I ricercatori anti-riforma continueranno a rifiutarsi di insegnare gratuitamente. Le proteste contro la riforma Gelmini dell’università non termineranno con la sua approvazione al Senato. I ricercatori manterranno la loro indisponibilità ad insegnare gratuitamente e non escludono di adottare altre forme di dissenso quando la riforma verrà tradotta in regolamenti e decreti. Quelli di Tor Vergata hanno nel frattempo espresso la loro indignazione «per il vergognoso trattamento subito da tutti i fermati» durante la manifestazione di martedì a Roma, insieme alla solidarietà per Gerardo Morsella, matematico trentasettenne, anche lui fermato ingiustamente e poi rilasciato. «Penso che quella di martedì sia stata un’enorme esplosione di indignazione – afferma Alessandro Ferretti, fisico e membro della rete 29 aprile – catalizzata dalla contigente e indegna votazione sulla fiducia al governo, ma anche da anni di malgoverno e dall’insofferenza per la pessima distribuzione della ricchezza e del lavoro nel nostro paese. Spero che i giovani non restino abbacinati dalla sensazione liberatoria dovuta allo sfogo di una rabbia repressa e continuino a mobilitarsi con la stessa forza e maturità che hanno dimostrato in questi mesi».
Il governo però tira dritto e approverà il Ddl. Perché tanta determinazione?

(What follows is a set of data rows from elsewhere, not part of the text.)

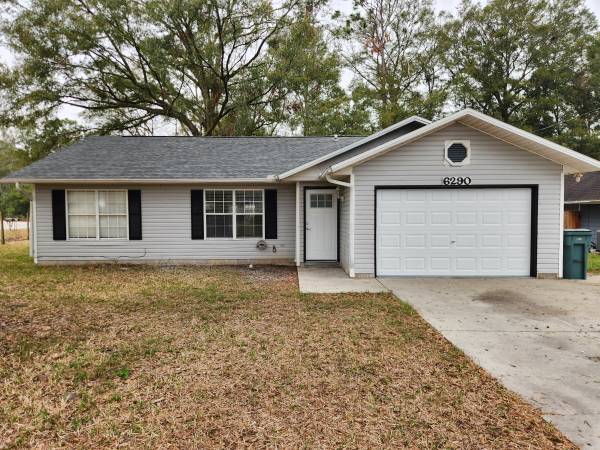 $1,850 / 3br - 1294ft2 - Updated 3 bed 2 bath with garage in Ocala Park Estates. (Ocala)63861744452353120
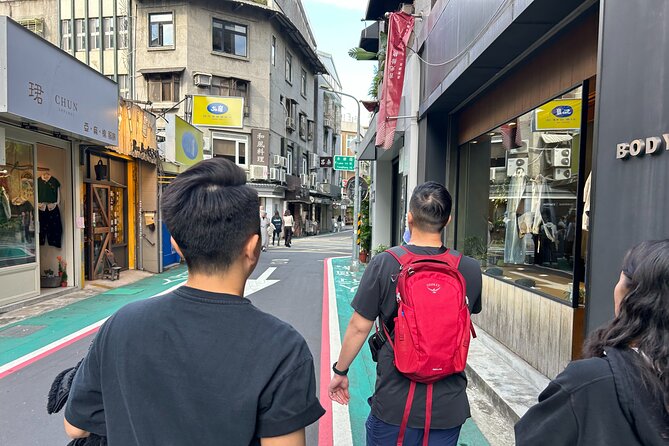Taipei Hidden Eats, Market & Street Food Tour with 8+ Tastings - The food quantity and how to pace yourself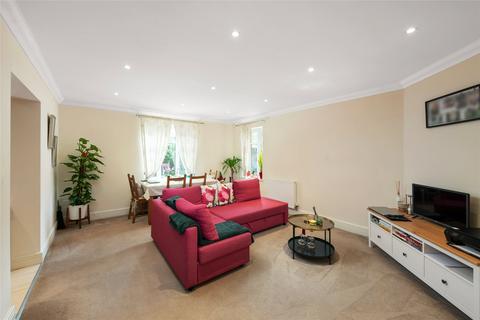 2 bedroom flat for sale, Hillview, 97 Doods Road, Reigate, Surrey, RH2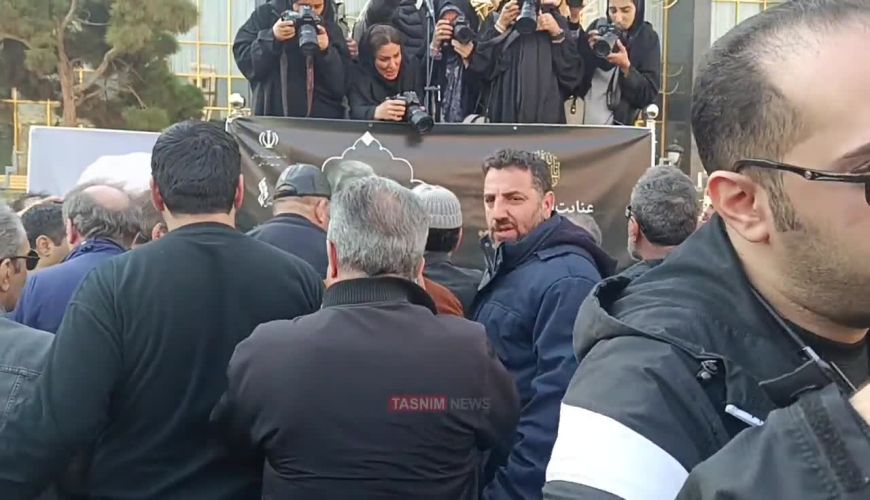 تشییع و بدرقه پیکر مرحوم عنایت بخشی در تالار وحدت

In questo comportamento c’è un forte desiderio di destrutturare l’istruzione pubblica. Sono arrivati al punto che ora o mai più. Del resto, con tutto quello che è successo, se si tirassero indietro ora la loro sarebbe una sconfitta culturale, prima ancora che politica.
Una sconfitta culturale?
Sì, perché vogliono far diventare l’università un’istituzione che prepara le persone allo sfruttamento e non all’autonomia. Una persona che non ha gli strumenti per comprendere il mondo, non può difendersi dalla forza di chi ha il potere. Bisogna invece pensare ad un altro modo di concepire l’istruzione e la formazione. Dare cioè una preparazione che mira a far maturare la persona e non a darle esclusivamente competenze di tipo tecnico o applicativo.

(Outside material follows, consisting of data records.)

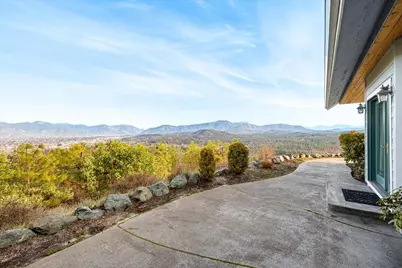 3601 Campus View Drive, Grants Pass, OR 97527 - Photo 81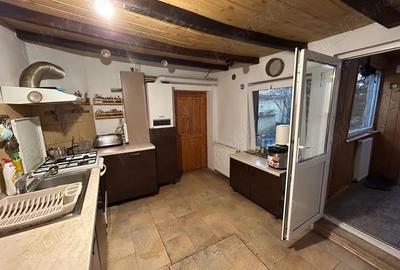 Casa + curte, pivni?a, garaj. - 6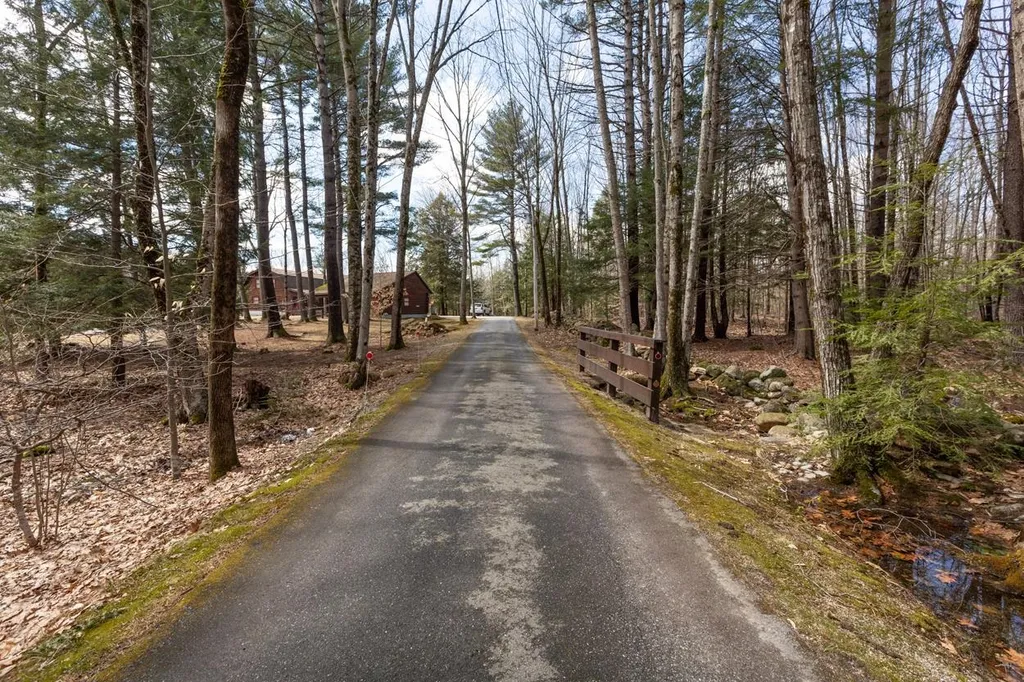 29 Fieldstone Circle Weare NH 03281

Che ne sarà della vostra protesta dopo l’approvazione del Ddl?
Manterremo l’indisponibilità. Presto si aprirà la partita degli statuti degli atenei che dovranno essere riscritti. Ci muoveremo per compensare i disastri della riforma adottando statuti il più possibile democratici. Ad esempio, la scelta dei consiglieri di amministrazione dovrà rispondere a criteri scientifici, e non solo gestionali. Dovranno essere eletti da studenti, precari, tecnici amministrativi, oltre che da ricercatori e docenti.
E se l’indisponibilità non bastasse?
Non parteciperemo alle commissioni che organizzano la didattica e la ricerca. E potrebbe essere dirompente la richiesta del numero legale nei consigli di facoltà che non viene quasi mai raggiunto.
Perché avete rifiutato la promessa del ministro Gelmini di 1500 concorsi da associato in tre anni?
Perché la nostra protesta non è corporativa. I finanziamenti devono essere equamente distribuiti e devono garantire anche il reclutamento dei precari, oltre che l’attività didattica e di ricerca.
Avete l’impressione che la vostra sia una voce isolata nel mondo accademico?
Al contrario, molti professori iniziano a rendersi conto del problema. Per il Conpass, il coordinamento degli associati, faranno ricerca senza fondi, contando ancor meno negli organi accademici. Certo, non è la stessa situazione dei precari, ma rende l’idea della crisi di un intero sistema.
Sono giustificati i timori di chi pensa che la riforma bloccherà gli atenei?
Questo è sicuro. La riforma Gelmini per funzionare necessita di centinaia tra regolamenti e decreti. Se pensiamo che quelli della legge Moratti non sono ancora stati emanati è facile pensare che l’approvazione della legge implicherà un congelamento delle attività a tempo indeterminato.